Homan is no wide-eyed rookie

PAUL FRIESEN, QMI Agency

, Last Updated: 7:19 PM ET

CHARLOTTETOWN, P.E.I. — They’ve already made it further than most teams their age would dare dream.

You could say Rachel Homan’s Ontario foursome has nothing to lose at the Scotties Tournament of Hearts — which could help them, or hurt them.

Either they’ll be loose enough to let it all hang out, or they’ll be satisfied, and lose their edge.

“We’re a little surprised we made it here so soon,” Homan, 21, said Friday. “It’s amazing to get that success early. We achieved our goal to make playoffs and we’re really proud of ourselves. If things don’t go well, then we’re still pretty happy.”

Seeing the competitiveness of Homan and Co. all week, she could be playing a little possum. The old just-happy-to-be-here trick, going into Saturday’s sudden-death, three-vs-four playoff game against Nova Scotia.

Too inexperienced for that, you say?

Not so fast.

Veteran skips here say Homan is no wide-eyed rookie.

“Normally those juniors that come out, you can kind of rope them into a few things,” B.C.’s Kelly Scott said. “Sometimes those younger players need an experience like this just to figure things out.
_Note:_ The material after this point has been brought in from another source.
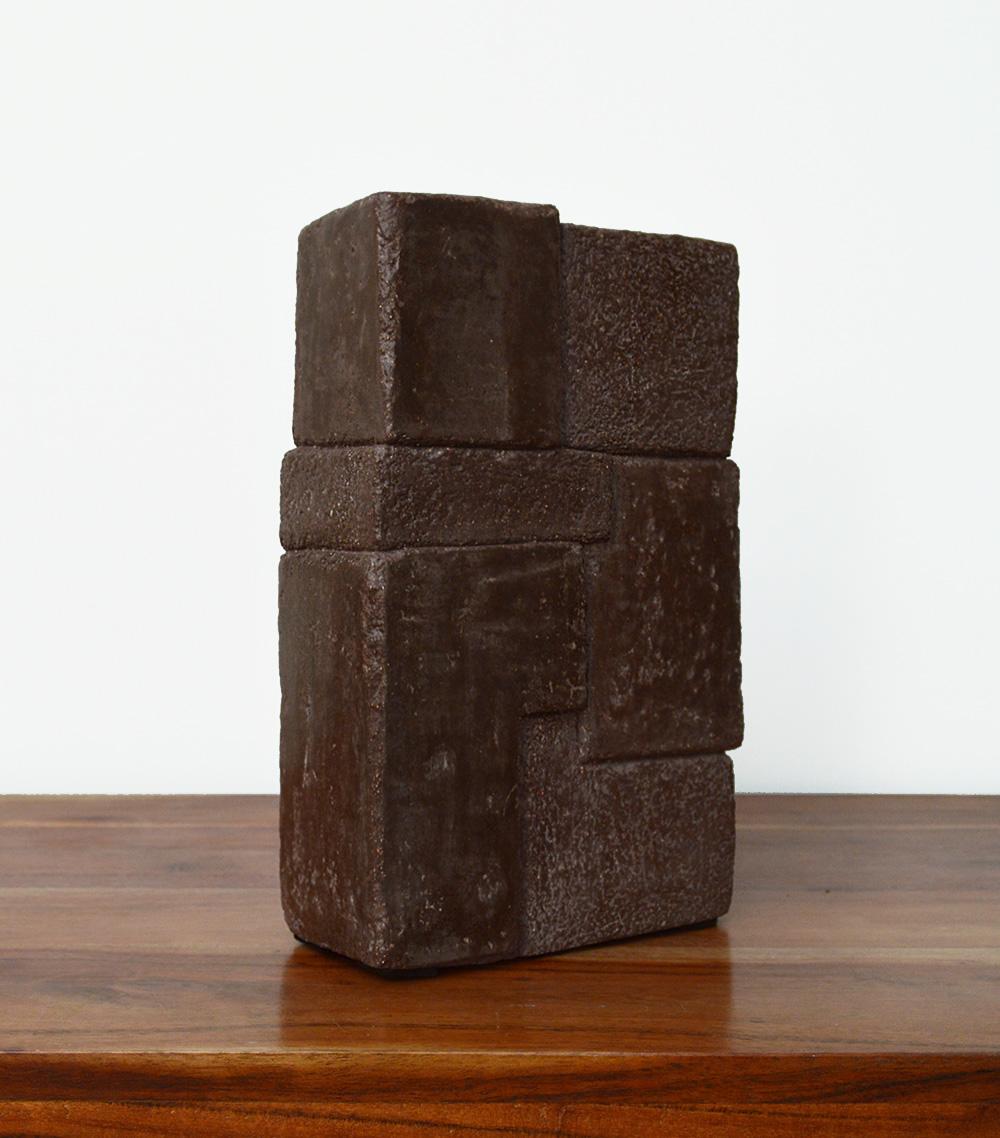 Unity V by Delphine Brabant - Abstract geometric sculpture, terracotta, brown en vente 2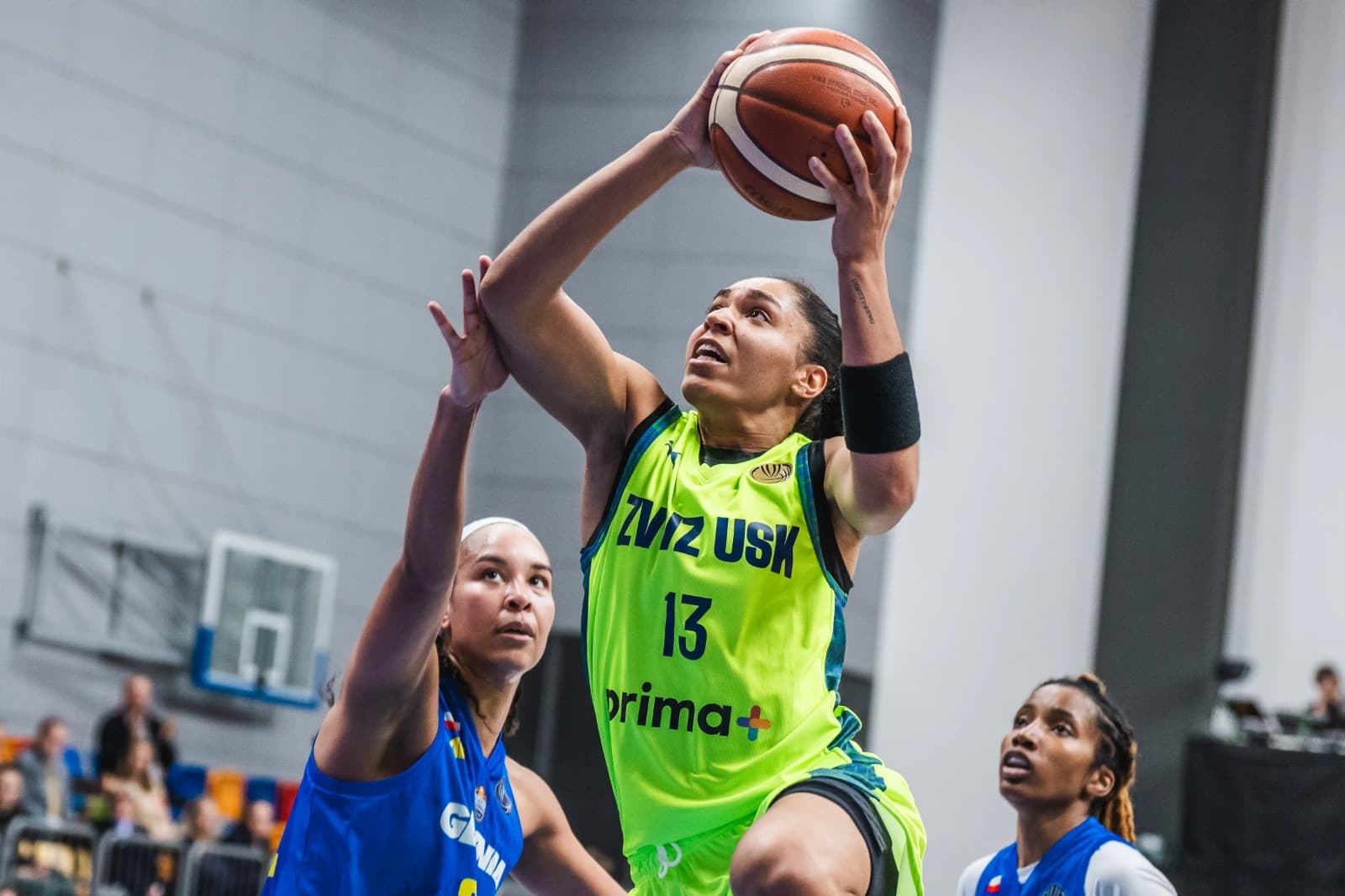 35 points au cumulé : Valériane Ayayi et Janelle Salaün frappent fort à Prague pour le retour de trêve ; Iliana Dossou-Yovo Rupert et Aminata Gueye dominent les raquettes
They’ve kept it going. They’re here to play. They’re pretty smart.”

Smart enough to go 8-3, earning third place and watching more experienced players like Scott, a two-time world champ, and Heather Smith-Dacey of Nova Scotia, both 7-4, play a Friday tiebreaker for fourth place.

Smith-Dacey, who won it, 9-8, says Team Homan’s quick success is something else.

“It’s unbelievable,” the Nova Scotia skip said. “When you’re younger you don’t over-think, you just play. And they do it very, very well. I suspect it’ll be a battle to the end.”